*Aim of the task*:
Leaving out the images, please output every entry exactly as it appears.

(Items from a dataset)
*** Block opens ***

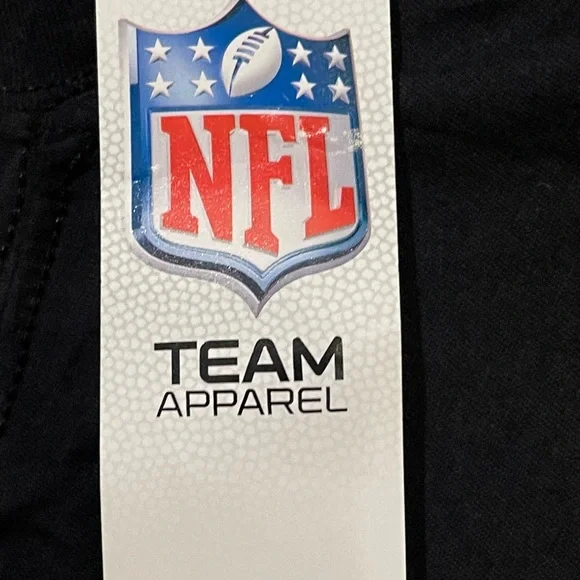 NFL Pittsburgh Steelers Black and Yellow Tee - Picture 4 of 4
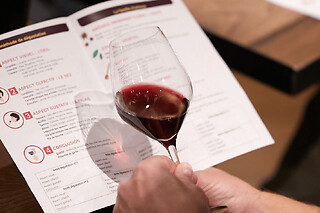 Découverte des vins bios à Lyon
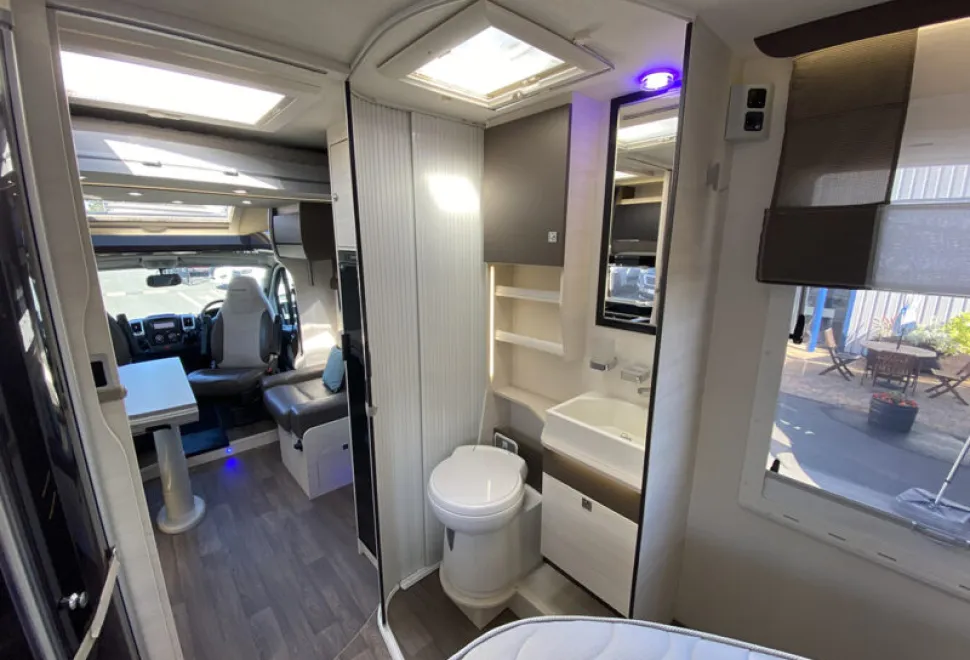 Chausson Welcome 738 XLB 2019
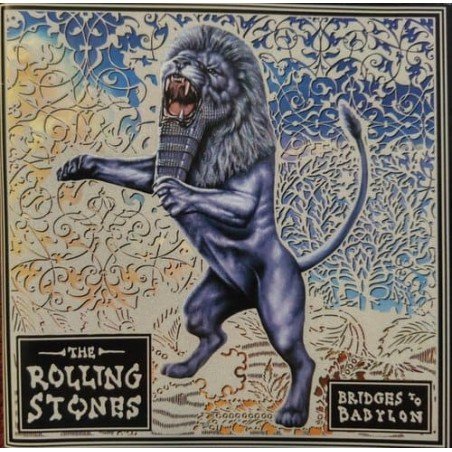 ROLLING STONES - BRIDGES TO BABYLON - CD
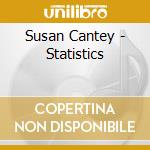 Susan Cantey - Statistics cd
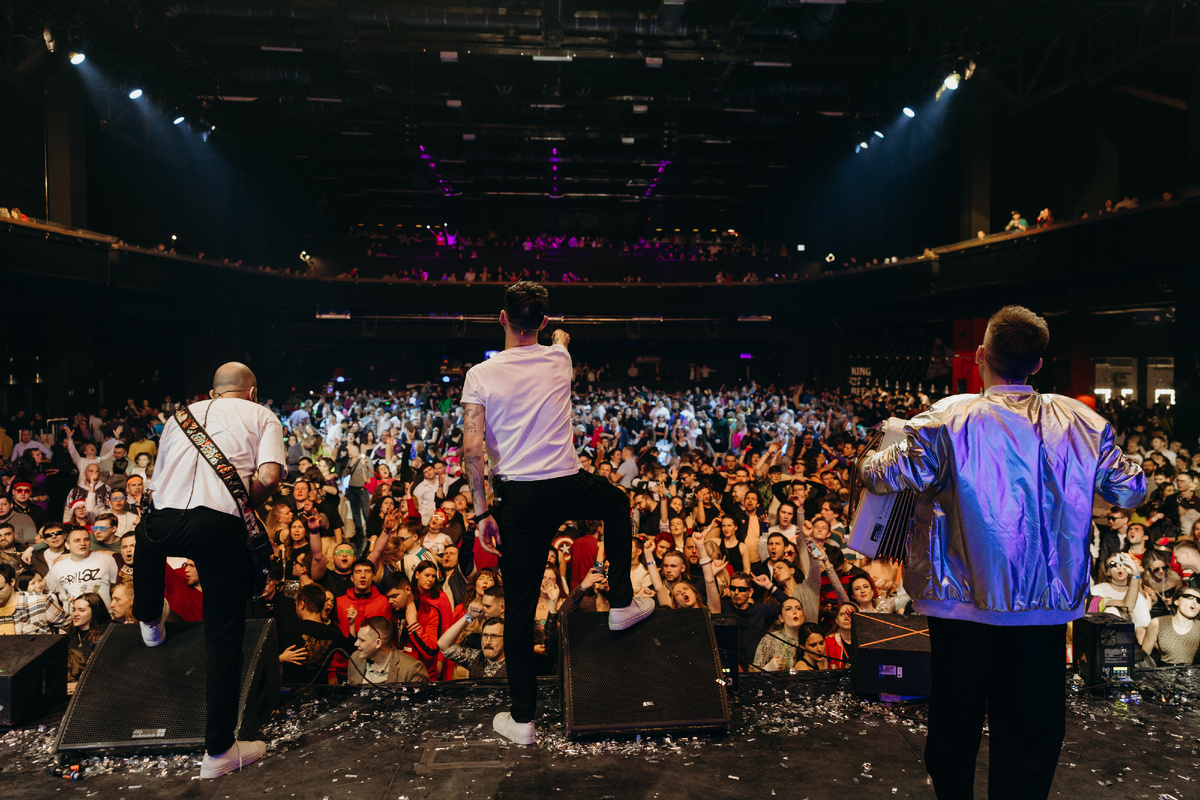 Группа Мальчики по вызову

*** Block closes ***

*Exercise solution*:
 NFL Pittsburgh Steelers Black and Yellow Tee - Picture 4 of 4
 Découverte des vins bios à Lyon
 Chausson Welcome 738 XLB 2019
 ROLLING STONES - BRIDGES TO BABYLON - CD
 Susan Cantey - Statistics cd
 Группа Мальчики по вызову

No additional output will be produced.